We first load the CSV file containing the results and define a highlighter function that will help us to highlight the best-performinging method per dataset.
In [18]:
import pandas as pd
pd.options.display.max_rows = 999
pd.options.display.precision = 3
df = pd.read_table("../../../scripts/word_embedding_evaluation/results-vocablimit.csv",
header=None, names=[
"evaluation_type", "dataset", "kwargs", "embedding_name",
"embedding_source", "evaluation", "value", "num_samples"
])
Similarity task¶
We then select the results from the similarity task and generate a table. To keep this page concise, we report the mean value over all datasets. Please see the extended results notebook at the Scripts page for detailed results.
In [19]:
dfs = df[~df["dataset"].isin(["BiggerAnalogyTestSet", "GoogleAnalogyTestSet"])].drop(["evaluation_type", "evaluation", "num_samples"], axis=1)
dfs = dfs[dfs["embedding_source"].isin([
"glove.42B.300d",
"glove.6B.100d",
"glove.6B.200d",
"glove.6B.300d",
"glove.6B.50d",
"glove.840B.300d",
"glove.twitter.27B.100d",
"glove.twitter.27B.200d",
"glove.twitter.27B.25d",
"glove.twitter.27B.50d",
"wiki.en",
"wiki.simple",
"crawl-300d-2M",
"wiki-news-300d-1M",
"wiki-news-300d-1M-subword"
])]
dfs = dfs.groupby(["embedding_name", "embedding_source"]).mean()
dfs.sort_values(by='value', ascending=False)
Out[19]:
value | ||
---|---|---|
embedding_name | embedding_source | |
fasttext | crawl-300d-2M | 0.690 |
wiki-news-300d-1M-subword | 0.658 | |
wiki-news-300d-1M | 0.649 | |
glove | glove.840B.300d | 0.629 |
fasttext | wiki.en | 0.569 |
glove | glove.42B.300d | 0.520 |
glove.6B.300d | 0.518 | |
glove.6B.200d | 0.495 | |
fasttext | wiki.simple | 0.476 |
glove | glove.6B.100d | 0.464 |
glove.6B.50d | 0.432 | |
glove.twitter.27B.200d | 0.373 | |
glove.twitter.27B.100d | 0.356 | |
glove.twitter.27B.50d | 0.323 | |
glove.twitter.27B.25d | 0.253 |
Analogy task¶
For the analogy task, we report the aggregate results per category type in the datasets.

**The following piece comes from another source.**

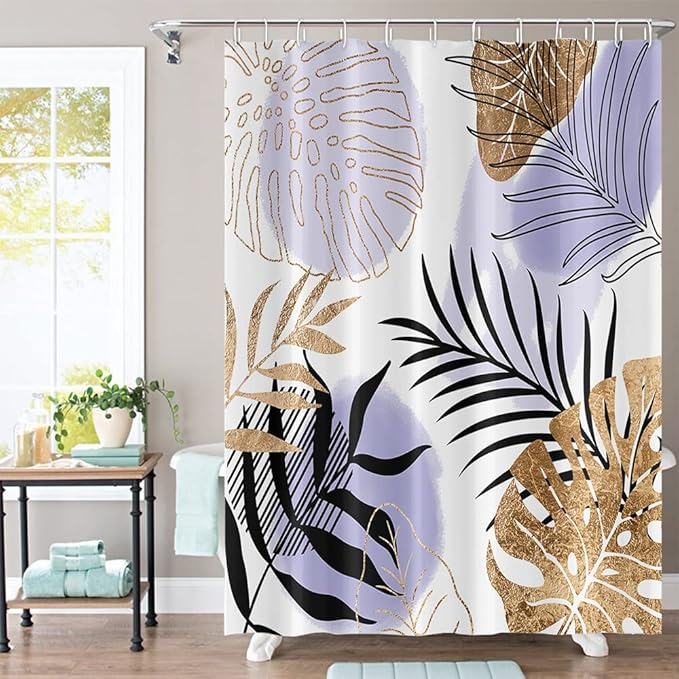 Purple Boho Chic Shower Curtain 72Wx72H Mid Century Geometric Black Golden Abstract Leaves Aesthetic Modern Art Fabric Waterproof Home Bathroom Decor 12 Plastic Hooks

Note that the analogy task is a open vocabulary task: Given a query of 3 words, we ask the model to select a 4th word from the whole vocabulary. Different pre-trained embeddings have vocabularies of different size. In general the vocabulary of embeddings pretrained on more tokens (indicated by a bigger number before the B in the embedding source name) include more tokens in their vocabulary. While training embeddings on more tokens improves their quality, the larger vocabulary also makes the analogy task harder.
In this experiment all results are reported with reducing the vocabulary to the 300k most frequent tokens. Questions containing Out Of Vocabulary words are ignored.
Google Analogy Test Set¶
We first display the results on the Google Analogy Test Set.
- Mikolov, T., Chen, K., Corrado, G., & Dean, J. (2013). Efficient estimation of word representations in vector space. In Proceedings of the International Conference on Learning Representations (ICLR).
The Google Analogy Test Set contains the following categories. All analogy questions per category follow the pattern specified by the category name. We group them into semantic and syntactic analogy questions.
In [20]:
import json
pd.Series(df[df["dataset"] == "GoogleAnalogyTestSet"]["kwargs"].unique()).apply(
json.loads).apply(lambda x: x['category'])
Out[20]:
0 capital-common-countries
1 capital-world
2 currency
3 city-in-state
4 family
5 gram1-adjective-to-adverb
6 gram2-opposite
7 gram3-comparative
8 gram4-superlative
9 gram5-present-participle
10 gram6-nationality-adjective
11 gram7-past-tense
12 gram8-plural
13 gram9-plural-verbs
dtype: object
We first load the results from the output of the
word_embedding_evaluation.py
script.
In [21]:
dfa_google = df[df["dataset"] == "GoogleAnalogyTestSet"].drop(
["evaluation_type", "num_samples", "dataset"], axis=1)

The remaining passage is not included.